Is it time to change the reference architecture to use this backend as the preferred one for clustered deployments ? My understanding is that we can achieve the same benefits of the Consul-backed deployment without the extra burden of an additional cluster to deploy and manage.
Is there a scenario were a Consul-backed deployment would still be a better choice ?
I think this is a great question. It’s something I’ve been wondering about myself since it was announced. I think it really depends on multiple factors, and the specific implementation per environment.
I think I would prefer to use Consul as my backend if my vault nodes were running as containers. Or maybe they are VM’s, and you use Consul to automate the clustering capability for Vault.
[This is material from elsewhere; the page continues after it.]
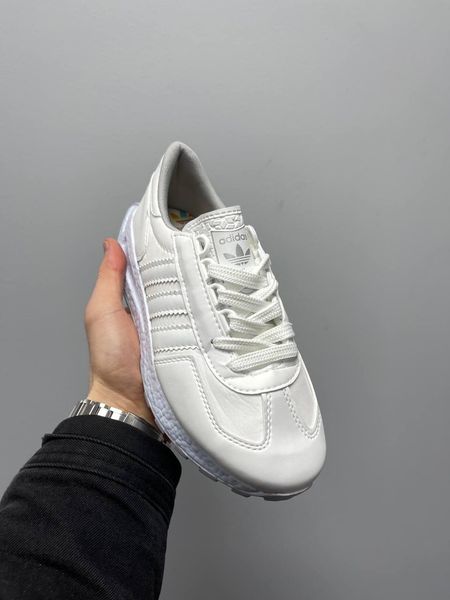 Adidas Retropy White v2 3219-36 фото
I would probably want to use the Vault internal backend if my vault nodes were longer running VM’s that were static and locked down and needed to ensure no other architecture dependencies. This reduces any impacts to Consul and keeps Vault separate from everything else as security concern.
That’s exactly what I was thinking: When would I want something different than that - at least for production environments ?
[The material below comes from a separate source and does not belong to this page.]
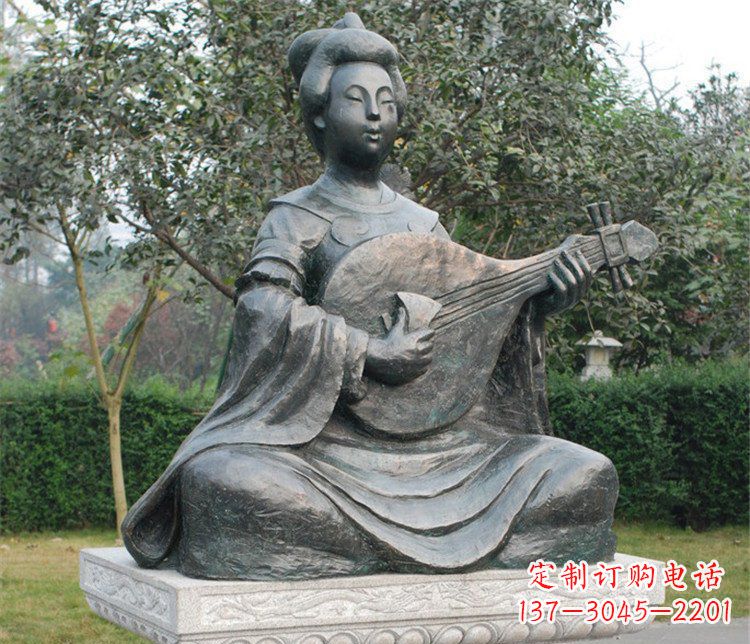 广西古典风情弹琵琶雕塑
As I was discussing recently with people looking forward to adopt Vault, one should not underestimate how critical Vault becomes to your infrastructure once you’ve start using it, so one should take all steps to create very, very stable environment.
Anything short of that risks creating availability issues that are even more critical to an organization than the security issues Vault tries to solve.
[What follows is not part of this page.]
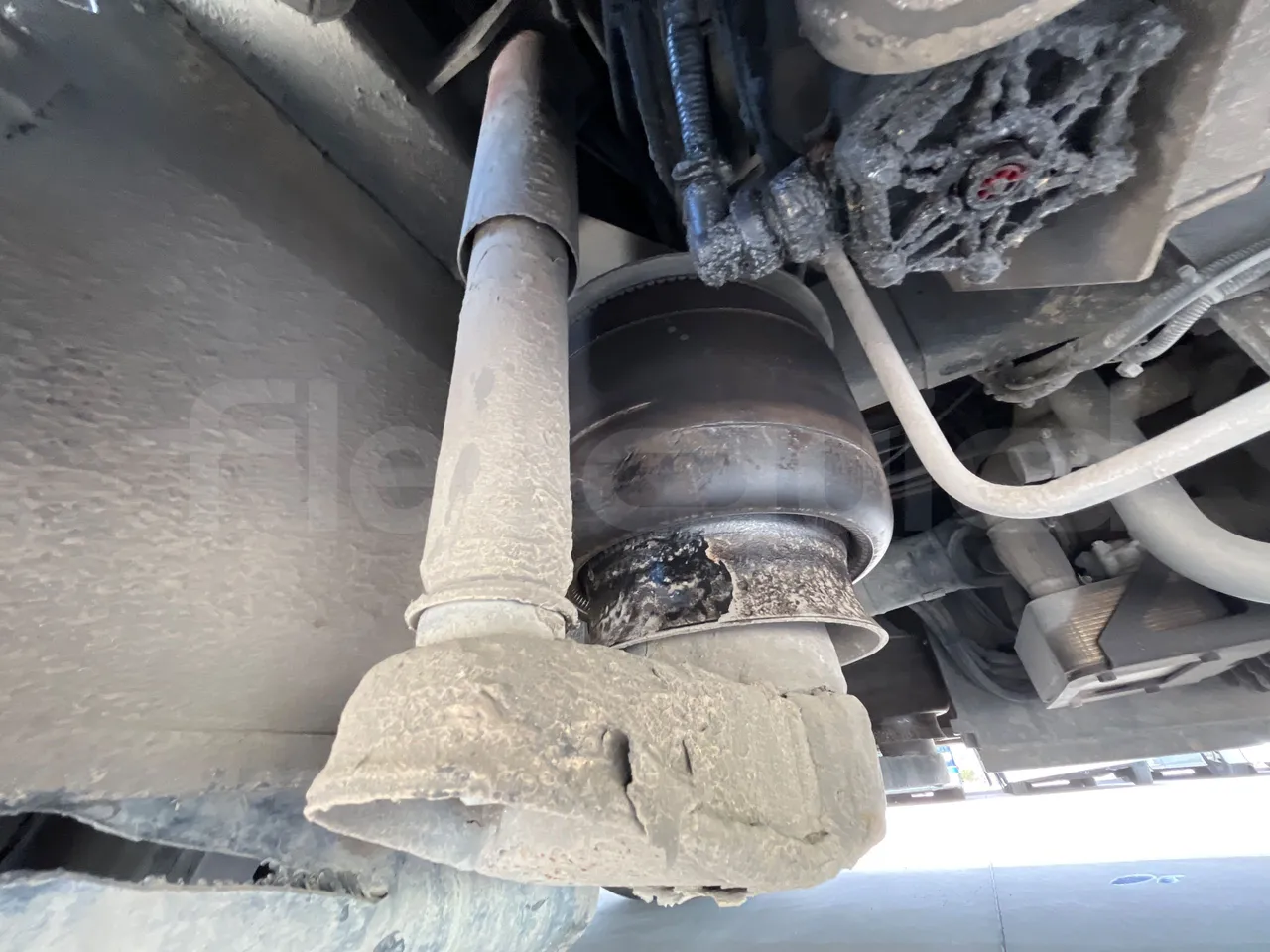 Mercedes-Benz OC 500 RF HTAE06-A4GC10/ Euro 3 - 260 Kw - 12.975 Mt - axel 2 air springs 1 left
Please note that I’m not advocating against using Consul as backend (or any other, btw). I’m just wondering whether Raft should be the new reference now that we have this option, unless there’s a very good reason not to do so.
Raft isn’t fully ready for production yet. In 1.2 it was released as a technical preview. This is subject to change but I believe the current plan is it will beta in 1.3 and be fully out in 1.4.
Is this still road mapped for being a full supported non-beta feature in 1.4?
I haven’t yet seen any discussion about performance/tuning of the raft backend, if we’re using raft consensus to ensure consistency and manage cluster leadership it seems like we should have some knobs exposed and some general guidance with regards to node counts and latency between nodes and how that will effect the time to consistency.
I’m looking forward to this; but would be nice to be able to game plan in advance.
I too am very much in the same boat. I would like to avoid deploying another cluster like Consul, etcd, etc… if Raft works well. In particular because i currently only have one AZ, so I am limited to node level HA. On the other hand, low latency seems perfect for Raft.
I was reading this article - a really good piece, BTW - and this caught my attention:
The large size is for production environments where there is a consistent high workload. That might be a large number of transactions, a large number of secrets, or a combination of the two.
It would be nice to define what a “consistent hight workload” is in more concrete terms. I’m quite confident that the answer is “it depends”, but a general rule of thumb here would be helpful. For instance, one should consider using the “large” instances when he/she has to sustain more than “X” KV secret requests/second.
I was also very interested in the numbers someone posted for another storage engine, would be great to see a blog post with the values, and best way to do performance test.
For now, I’m sticking with the officially supported ones (Consul, and ETCd). I’m looking forward to a 1.4 release version to start moving our Vault cluster to the Raft backend.